According to Harvard Business School professor Amy Edmondson:

“Psychological safety is a belief that one will not be punished or humiliated for speaking up with ideas, questions, concerns, or mistakes.”

In other words, a team culture where people are comfortable making mistakes, learning and taking risks.  This type of team fosters innovation and change. How can you build psychological safety in your individual teams without worrying about a large scale HR project coming from the top of the organization?

Here are some 5 ways to build safety and trust within your teams. Note these do not require change initiatives or executive support. They are things you, as a leader, can put in place:

  • Break the golden rule: The golden rule says treat others as you want to be treated. In psychologically safe environments, the opposite needs to be true. Treat others as THEY want to be treated. Know your employees. Know what drives them. Know their communication styles.  If you understand how your employee wants to be treated, then you can adjust your style and make your employee be comfortable and build trust.

  • Acknowledge YOUR mistakes:  Whether you are an individual contributor or a leader, lead by example. First, acknowledge your mistakes. Tell others when you have made a mistake and look for their input on how you could have done things differently. By starting the process of owning and learning from errors,  you make it safe for others to begin to discuss their mistakes as well.

  • Listen: Active listening requires that you can focus on what the other person is saying.
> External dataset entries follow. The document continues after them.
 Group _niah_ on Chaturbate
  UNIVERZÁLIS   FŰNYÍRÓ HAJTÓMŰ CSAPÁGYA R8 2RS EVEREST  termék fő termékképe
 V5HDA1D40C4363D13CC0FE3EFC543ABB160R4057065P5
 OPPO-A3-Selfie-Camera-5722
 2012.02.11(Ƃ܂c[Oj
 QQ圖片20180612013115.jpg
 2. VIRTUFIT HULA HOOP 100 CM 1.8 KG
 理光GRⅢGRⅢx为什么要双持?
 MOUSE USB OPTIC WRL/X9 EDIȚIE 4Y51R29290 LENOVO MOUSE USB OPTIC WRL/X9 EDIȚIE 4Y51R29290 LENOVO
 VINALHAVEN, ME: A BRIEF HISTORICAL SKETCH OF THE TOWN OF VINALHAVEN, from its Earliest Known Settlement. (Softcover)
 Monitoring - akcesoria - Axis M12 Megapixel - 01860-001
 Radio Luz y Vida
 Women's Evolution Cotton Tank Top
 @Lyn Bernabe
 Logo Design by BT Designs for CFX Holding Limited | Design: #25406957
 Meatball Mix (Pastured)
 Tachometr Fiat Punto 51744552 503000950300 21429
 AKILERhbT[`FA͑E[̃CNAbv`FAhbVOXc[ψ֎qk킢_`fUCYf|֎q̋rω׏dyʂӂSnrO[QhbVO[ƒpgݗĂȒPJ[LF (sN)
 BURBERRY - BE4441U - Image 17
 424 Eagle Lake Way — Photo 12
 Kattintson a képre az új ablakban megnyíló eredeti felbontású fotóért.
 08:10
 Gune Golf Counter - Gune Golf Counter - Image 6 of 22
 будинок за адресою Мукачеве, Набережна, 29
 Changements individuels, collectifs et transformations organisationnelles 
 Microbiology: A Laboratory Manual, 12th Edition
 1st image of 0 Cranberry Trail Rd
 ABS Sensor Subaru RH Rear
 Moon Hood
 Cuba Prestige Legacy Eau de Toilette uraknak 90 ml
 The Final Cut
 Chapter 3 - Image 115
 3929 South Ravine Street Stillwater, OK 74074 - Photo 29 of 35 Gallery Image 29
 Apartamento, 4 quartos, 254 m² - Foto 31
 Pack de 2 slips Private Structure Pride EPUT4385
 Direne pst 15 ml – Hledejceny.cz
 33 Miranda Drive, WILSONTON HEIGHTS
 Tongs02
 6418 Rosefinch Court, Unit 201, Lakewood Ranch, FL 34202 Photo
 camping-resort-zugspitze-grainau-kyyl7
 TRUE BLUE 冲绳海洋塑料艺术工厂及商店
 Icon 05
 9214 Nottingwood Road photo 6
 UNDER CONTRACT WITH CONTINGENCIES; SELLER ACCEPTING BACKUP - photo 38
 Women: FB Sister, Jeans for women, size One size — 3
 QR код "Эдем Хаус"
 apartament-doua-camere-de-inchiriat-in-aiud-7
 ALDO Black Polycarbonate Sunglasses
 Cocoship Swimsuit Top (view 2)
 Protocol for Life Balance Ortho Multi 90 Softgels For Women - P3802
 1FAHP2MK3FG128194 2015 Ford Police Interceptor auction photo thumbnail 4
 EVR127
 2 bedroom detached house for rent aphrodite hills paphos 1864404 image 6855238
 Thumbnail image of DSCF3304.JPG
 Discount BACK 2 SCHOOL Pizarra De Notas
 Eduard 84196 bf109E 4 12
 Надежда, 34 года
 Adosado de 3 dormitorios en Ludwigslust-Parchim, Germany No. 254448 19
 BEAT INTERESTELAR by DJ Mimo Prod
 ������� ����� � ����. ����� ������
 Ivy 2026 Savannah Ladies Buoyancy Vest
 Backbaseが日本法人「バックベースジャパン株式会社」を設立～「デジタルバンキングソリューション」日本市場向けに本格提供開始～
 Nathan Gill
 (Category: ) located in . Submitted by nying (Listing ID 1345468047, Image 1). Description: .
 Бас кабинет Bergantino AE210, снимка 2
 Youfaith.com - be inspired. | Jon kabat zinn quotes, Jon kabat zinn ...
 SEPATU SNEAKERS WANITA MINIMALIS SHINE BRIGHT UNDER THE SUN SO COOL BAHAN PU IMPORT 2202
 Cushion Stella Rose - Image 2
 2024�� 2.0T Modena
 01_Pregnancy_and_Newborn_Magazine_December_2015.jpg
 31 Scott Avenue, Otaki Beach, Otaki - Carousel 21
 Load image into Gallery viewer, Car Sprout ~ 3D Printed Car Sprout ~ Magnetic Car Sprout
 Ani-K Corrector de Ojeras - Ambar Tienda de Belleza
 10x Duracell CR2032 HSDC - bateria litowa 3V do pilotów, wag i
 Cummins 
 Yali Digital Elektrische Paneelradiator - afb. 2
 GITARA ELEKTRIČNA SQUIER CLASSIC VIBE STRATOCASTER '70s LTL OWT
It means minimizing distractions. It means not only listening to what the other person is saying, but their tone and body language.  It means shutting down your computer and phone to be fully present. When this happens, it indicates to the people you are talking to that they matter, you see value in them as human beings.

  • Premortem: Have a premortem before projects. Brainstorm about everything that ‘could’ go wrong so you can plan. It makes talking about failures less scary and it builds trust and confidence in the team to tackle the challenges that may arise.  Talk about the crazy things that could happen and what you would do. It creates collaboration on the team, connection, and alignment.

  • Remember we are all human.  Leaders need to remember that, regardless of the titles, everyone is a human being who deserves respect. As a leader, speak last. Make sure everyone contributes comfortably. This creates collaboration and trust.  Also encourage all ideas. Do not shut down the opinions of others. Ask open-ended questions to learn more. It is okay to not agree with an idea but do not shut down the idea as it makes it fearful for others to bring up their ideas.

When team members are comfortable being their authentic self and can innovate and participate with their being heard, they will do the best work of their lives.